May 22 2015
A team of researchers, headed by Academy Research Fellow Pekka Koskinen of the Nanoscience Center at the University of Jyväskylä, has successfully performed computer simulations forecasting a liquid phase in atomically thin golden islands that form patches on small graphene pores.
This innovative prediction paves the way for probable phases of materials further than before. Up until graphene’s discovery a decade ago, it was believed that 2D materials did not exist. Nevertheless, these materials have been observed, but exclusively in the solid as the thermal atomic motion needed for molten materials can easily break the thin and delicate membrane. Thus, it was concluded that atomically thin flat liquid was not impossible.
Based on the simulations, the researchers noticed how gold atoms flow and modify places in the plane, and how the graphene template surrounding it maintains the liquid membrane’s planarity.

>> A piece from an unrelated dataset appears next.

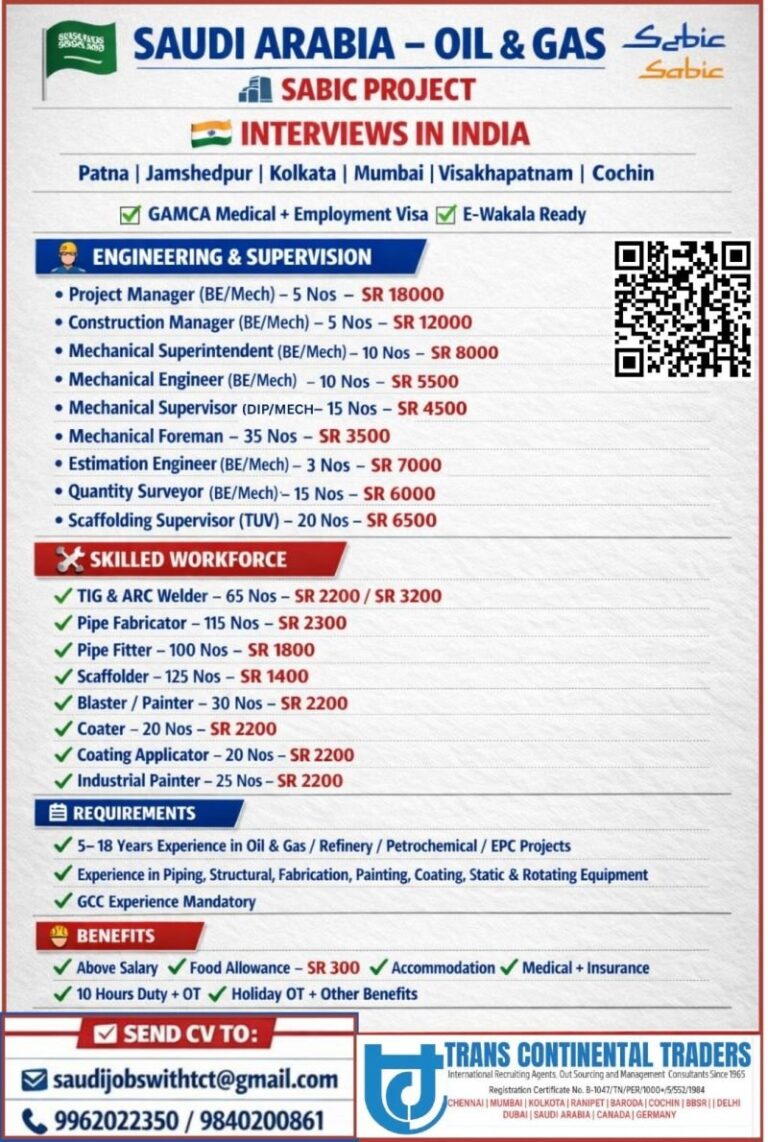 Oil and Gas Jobs in Saudi Arabia – Project Manager, Construction Manager, Mechanical Superintendent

"Here the role of graphene is similar to circular rings through which children blow soap bubbles. The liquid state is possible when the edge of graphene pore stretches the metallic membrane and keeps it steady," Koskinen says.
Computer simulations, with the aid of quantum-mechanical models and nanostructures with numerous gold atoms, enabled prediction of the liquid phase. The prediction has been published in the esteemed journal Nanoscale. As of now, the liquid phase is present only in the computer simulations obtained and awaits experimental confirmation.
"Unfortunately, simulations suggest that the flat liquid is volatile. In experiments the liquid membrane might burst too early, like a soap bubble that bursts before one gets a proper look at it. But again, even graphene was previously considered too unstable to exist," Koskinen says.